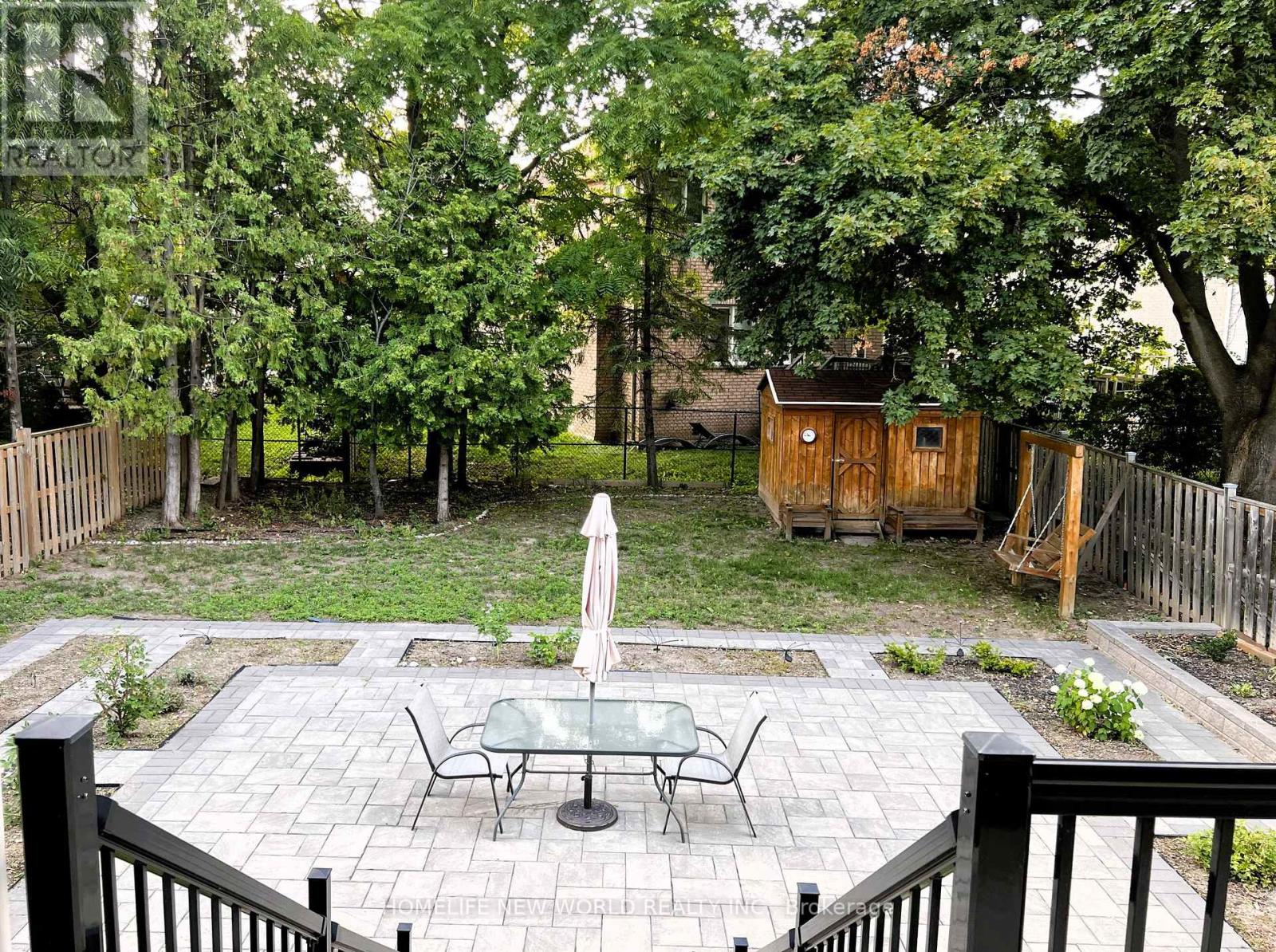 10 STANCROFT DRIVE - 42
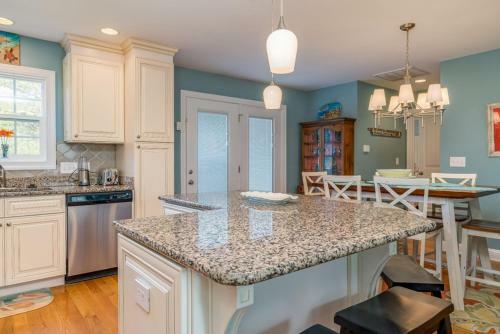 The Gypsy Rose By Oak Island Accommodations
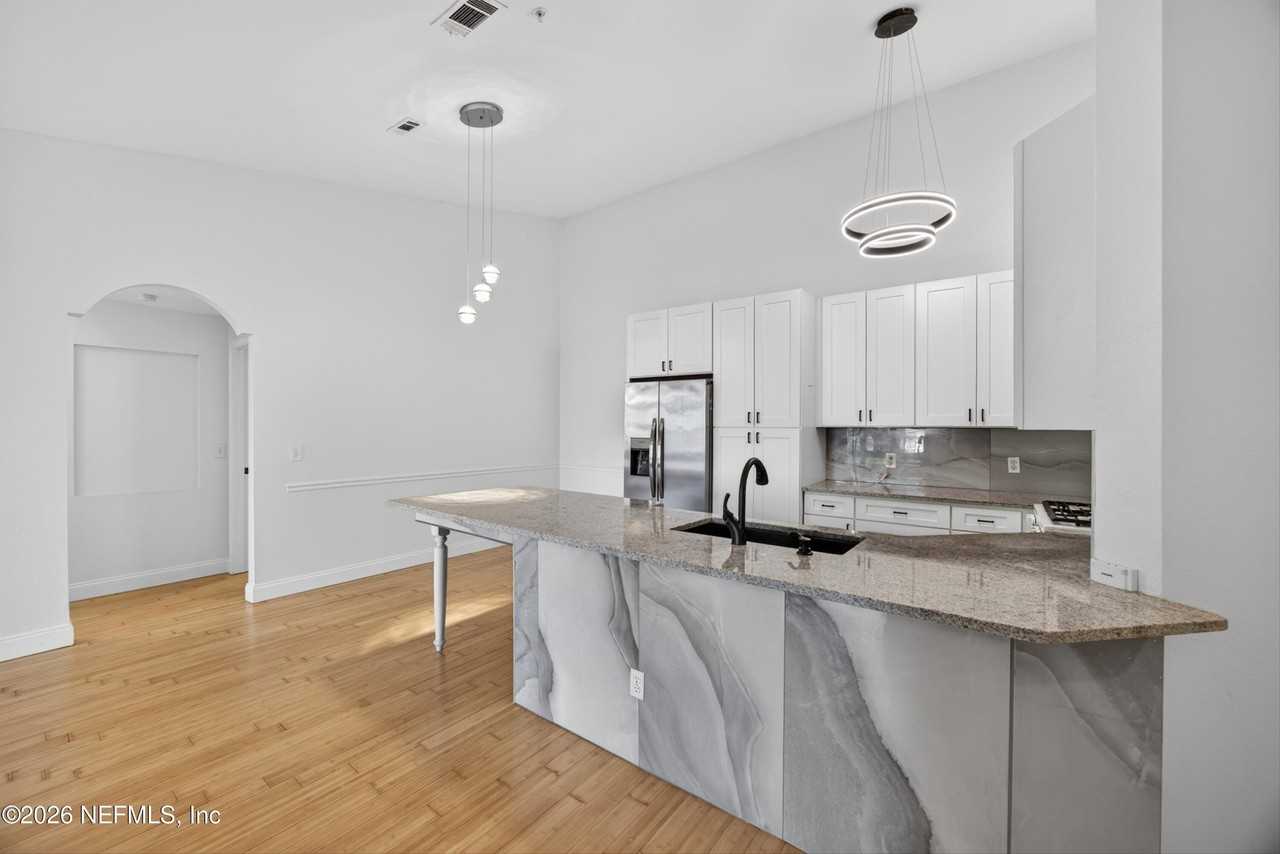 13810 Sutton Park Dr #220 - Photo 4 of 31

- - - -

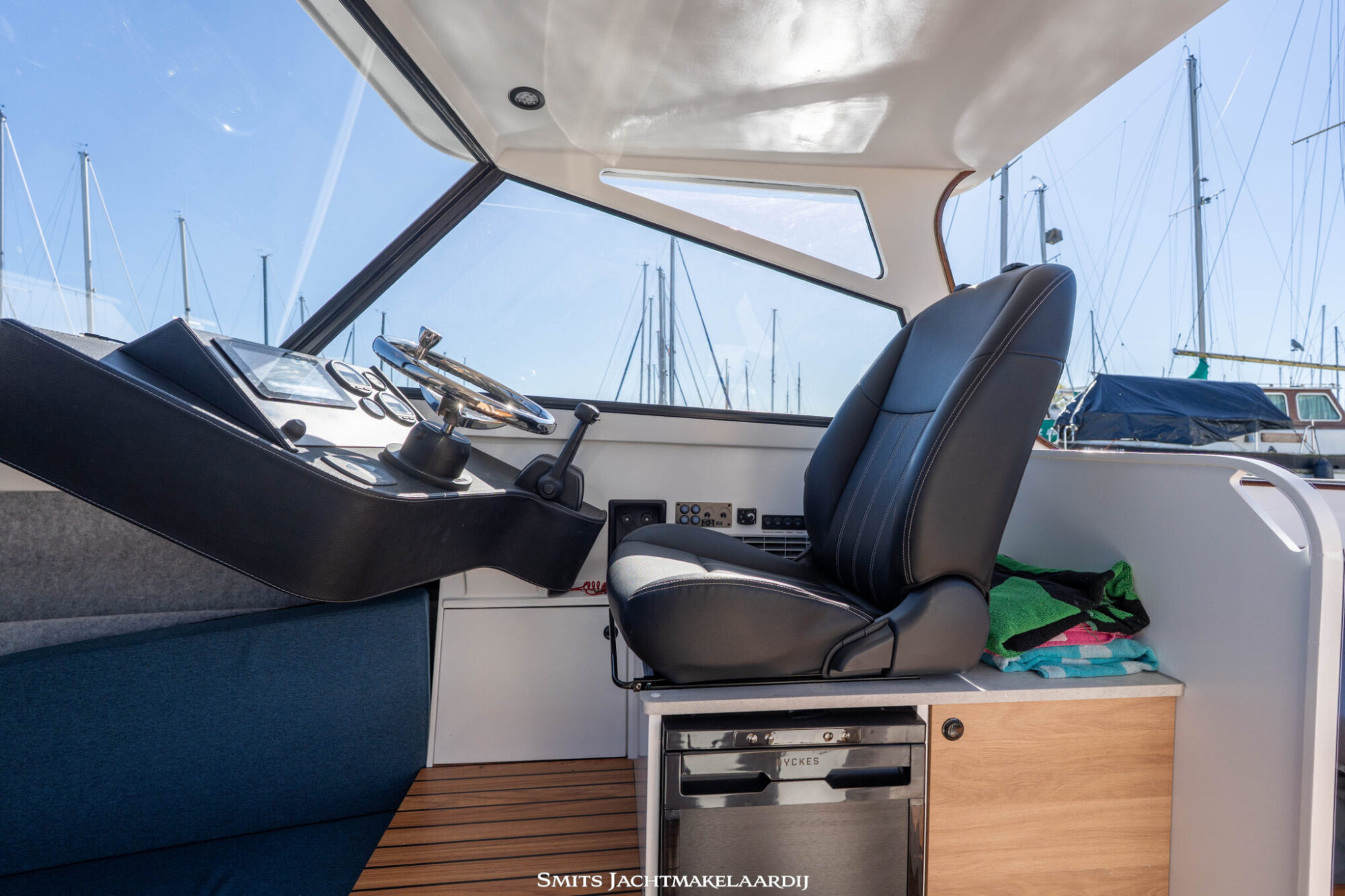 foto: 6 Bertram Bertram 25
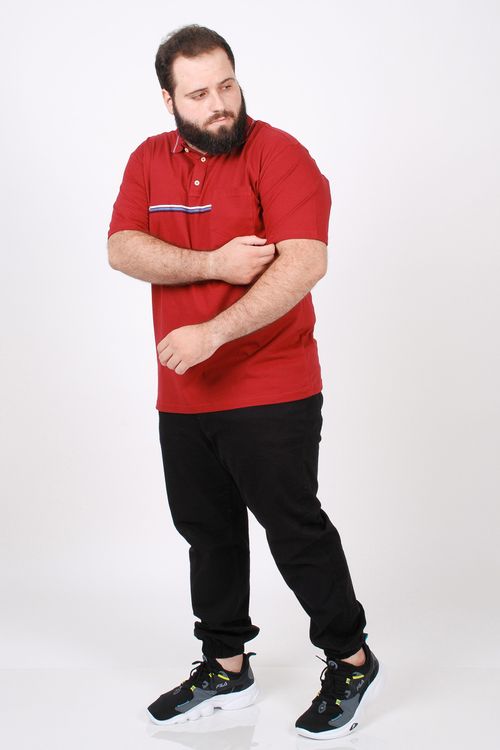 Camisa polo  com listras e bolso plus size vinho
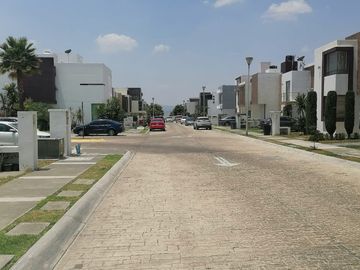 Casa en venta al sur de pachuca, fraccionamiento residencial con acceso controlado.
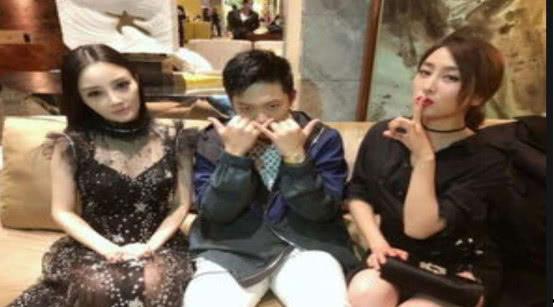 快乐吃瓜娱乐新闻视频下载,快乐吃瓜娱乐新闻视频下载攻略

- - - -

WORK TASK:
In the listing above, find the line with "Casa en venta" and the line with "快乐吃瓜娱乐新闻视频下载,快乐吃瓜娱乐新闻视频下载攻略". Copy exactly those lines and all between them, minus the images.

FINISHED TASK:
 Casa en venta al sur de pachuca, fraccionamiento residencial con acceso controlado.
 快乐吃瓜娱乐新闻视频下载,快乐吃瓜娱乐新闻视频下载攻略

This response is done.